WHAT YOU WILL DO —
Exact copy, pictures omitted: the line holding "Cranky Kong Png, transparent png" and every line after it down to the end of the entries.
Top of SOURCE INFORMATION
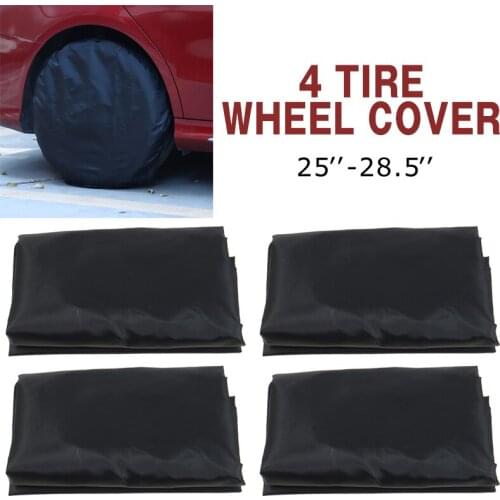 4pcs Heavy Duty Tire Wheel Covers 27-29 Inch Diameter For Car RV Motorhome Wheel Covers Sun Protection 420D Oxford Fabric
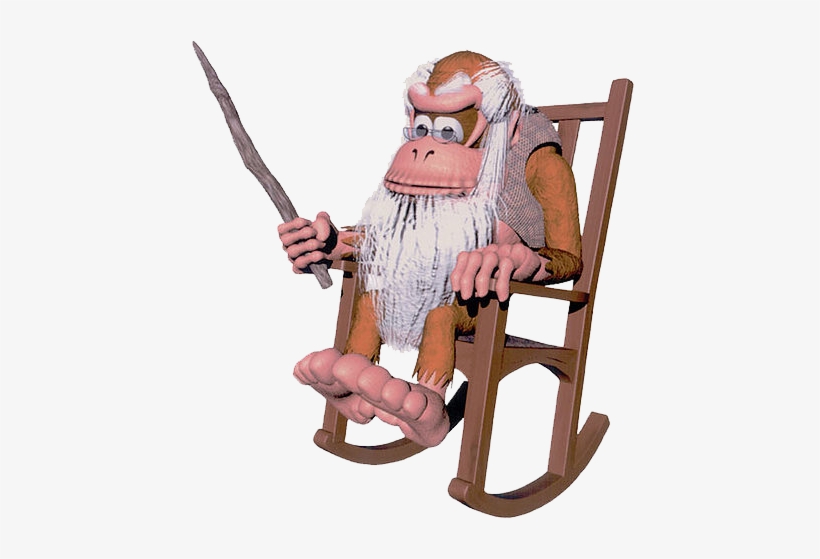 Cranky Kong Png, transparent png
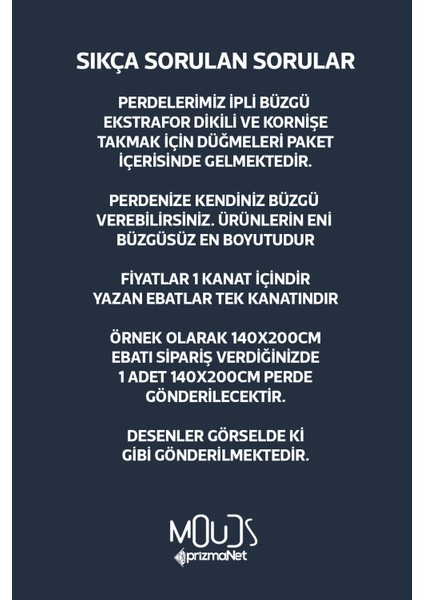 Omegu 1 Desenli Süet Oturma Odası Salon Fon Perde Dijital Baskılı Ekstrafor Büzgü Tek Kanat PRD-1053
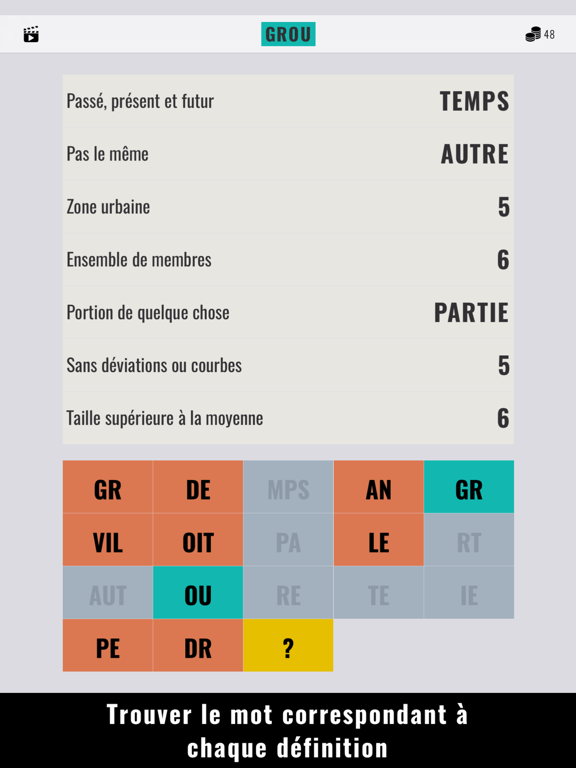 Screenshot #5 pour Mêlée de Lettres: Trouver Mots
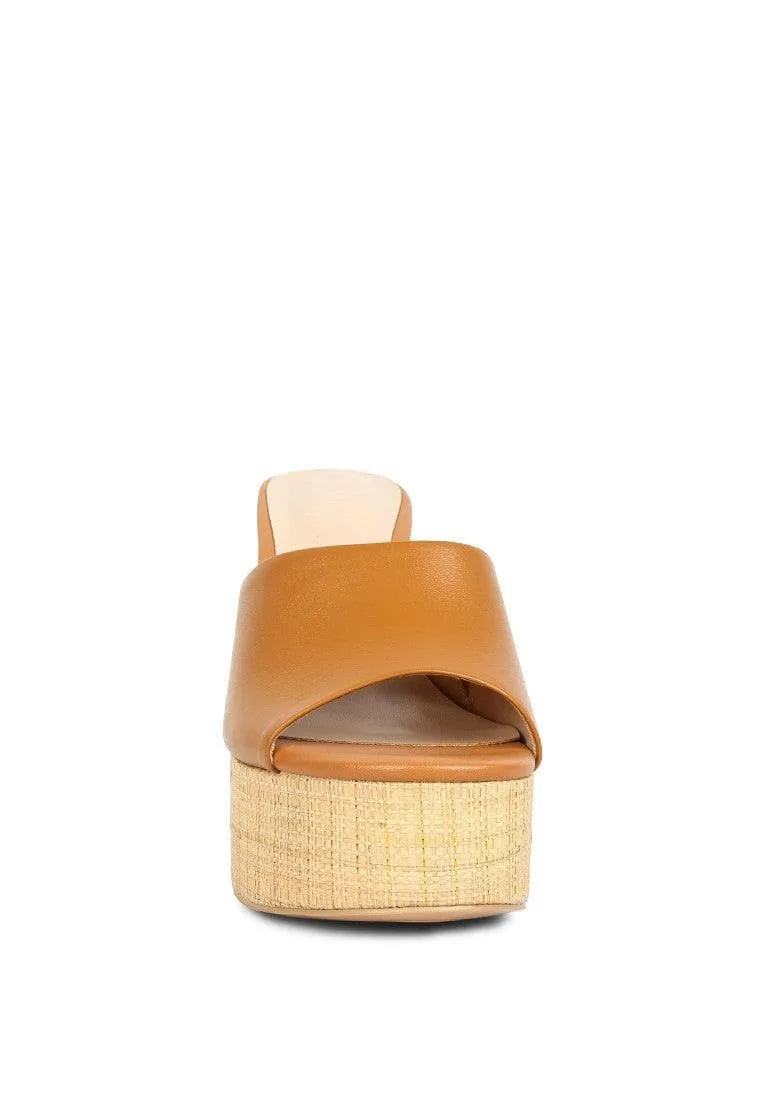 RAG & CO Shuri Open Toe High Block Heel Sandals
Bottom of SOURCE INFORMATION
SOLUTION —
 Cranky Kong Png, transparent png
 Omegu 1 Desenli Süet Oturma Odası Salon Fon Perde Dijital Baskılı Ekstrafor Büzgü Tek Kanat PRD-1053
 Screenshot #5 pour Mêlée de Lettres: Trouver Mots
 RAG & CO Shuri Open Toe High Block Heel Sandals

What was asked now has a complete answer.